= LGBTQ history in South Dakota =

The history of LGBT residents in South Dakota spans back to precolonial Native American times, but has become much more visible in the 21st century.

==Pre-19th century==
Two-Spirit people were celebrated in Lakota, Dakota, and Nakota cultures before European contact. They played influential and important roles and were commonly seen as spiritual leaders in their communities.

==19th century==
In 1862, Dakota Territory enacted laws against sodomy in regards to both heterosexual and homosexual acts, with a minimum punishment of one year of incarceration and a maximum of life in prison. This maximum penalty was decreased in 1877 to ten years. Upon the establishment of South Dakota from Dakota Territory, it kept these laws as they were written, unlike its neighbor North Dakota.

==20th century==

===1900–1949===
In 1903, the common-law definition of sodomy was abolished.

In 1910, after the State v. Whitmarsh court case, South Dakota's definition of sodomy was expanded to include fellatio. State v. Whitmarsh was the only sodomy case ever in South Dakota. Despite the fact that the court case dealt with pedophilia, the court ruled that all acts of fellatio were immoral and a "detestable and abominable crime against nature." The ruling was based solely on moral grounds.

===1950–1999===
In 1976, the criminal code of South Dakota was revised, and the definition of sodomy along with it. The revision upheld the abolition of common-law sodomy and abolished all other sodomy laws, implementing 13 as the age of consent. In 1978, the age of consent was raised to 15 years.

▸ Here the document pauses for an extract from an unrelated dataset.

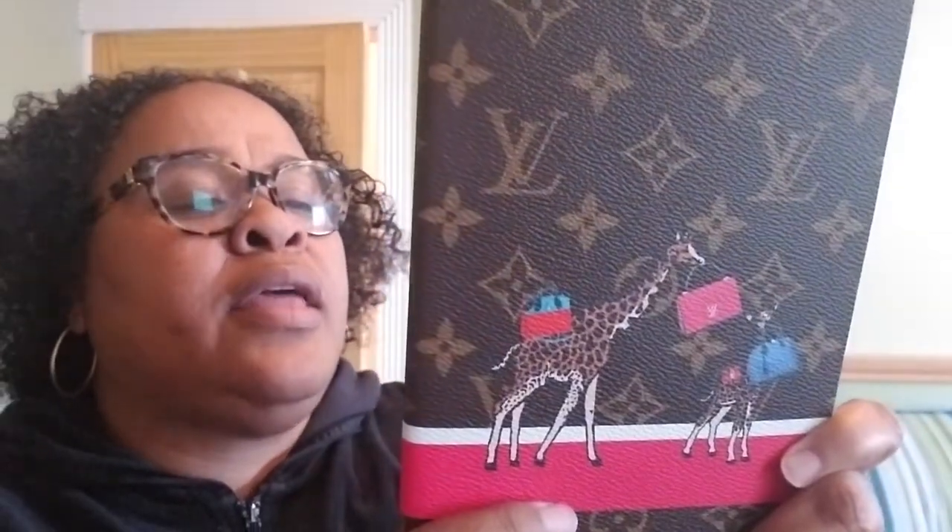This one here is the Clemens notebook from the 2017 Christmas edition — it has the mama giraffe and baby giraffe. It's also made in Italy. It has blue lining inside, and on the back it just says Louis Vuitton made in Italy. It has white lined pages with a blue ribbon divider. I try to keep them separate so they don't stick together.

In Sioux Falls in 1979, Randy Rohl and Grady Quinn, then 17 and 20 respectively, became the first two openly gay people to attend a prom together in the United States.

In 1995, LGBT people and allies came forward to testify in front of the South Dakota State Senate for the first time in state history. The movement was due to House Bill 1184, which would have made same-sex marriage illegal in South Dakota and would not recognize unions made in other states.

==21st century==

===2000–2009===
In the 2006 election cycle, South Dakota adopted South Dakota Amendment C, a constitutional amendment that defined marriage as between a man and a woman and banned same-sex marriage, as well as similar arrangements, such as domestic partnerships and civil unions. This measure was ruled unconstitutional by the U.S. Supreme Court during Obergefell v. Hodges on June 26, 2015. In the summer of 2006, Equality South Dakota a statewide 501(c)(4) non-profit organization, was founded with support from the Gill Foundation.

===2010–present===
In 2012, Angie Buhl became the first openly LGBT public official in South Dakota upon her coming out as bisexual. Buhl had been elected to South Dakota's legislature in 2011.

Shortly after same-sex marriage was legalized in the U.S. by Obergefell v. Hodges on June 26, 2015, the first same-sex marriage license in South Dakota was granted to Melissa Eidson and Misty Collins in Rapid City, who also became the first same-sex couple to marry in South Dakota later that day.

On January 12, 2016, South Dakota came into the public eye when Congress introduced House Bill 1008, which would have restricted bathroom and locker room use by transgender students to the ones that correlated with their sex assigned at birth, not their gender identity. The bill was passed in the House of Representatives on January 27 and by the Senate on February 16. The bill was subsequently vetoed by Governor Dennis Daugaard on March 2; a veto override failed the following day. Several LGBT and human rights organizations actively opposed the measure, including the American Civil Liberties Union, Human Rights Campaign, and the Gay, Lesbian and Straight Education Network.

South Dakota's first LGBT and Two Spirit resource center, the Prism Community Center, opened on October 23, 2023. Founded by the Transformation Project, the center functions as their headquarters and as a community space.